_THE INPUT:_
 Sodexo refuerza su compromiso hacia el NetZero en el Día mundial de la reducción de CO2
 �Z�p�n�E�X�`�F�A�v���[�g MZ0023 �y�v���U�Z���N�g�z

==

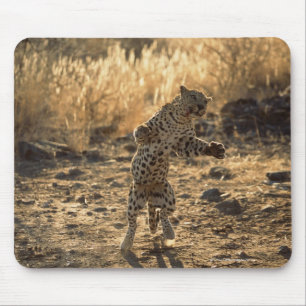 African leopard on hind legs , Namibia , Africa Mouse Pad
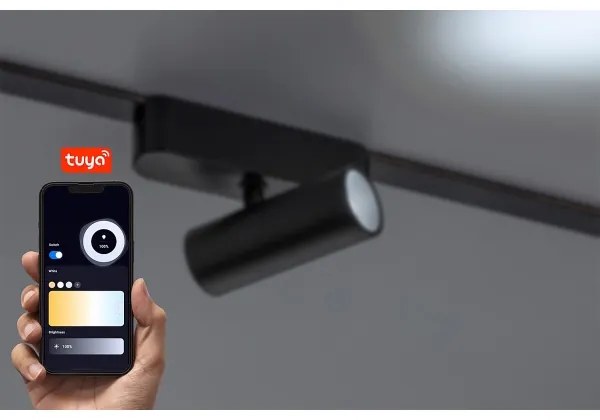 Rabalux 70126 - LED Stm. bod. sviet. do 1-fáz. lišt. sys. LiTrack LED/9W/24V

_HOW TO COMPLETE THIS TASK:_
Copy word for word the lines of the records above from the one with "African leopard on" up to and including the one with "Rabalux 70126 - LED". Skip the pictures.

_RESPONSE TO THE TASK:_
 African leopard on hind legs , Namibia , Africa Mouse Pad
 Rabalux 70126 - LED Stm. bod. sviet. do 1-fáz. lišt. sys. LiTrack LED/9W/24V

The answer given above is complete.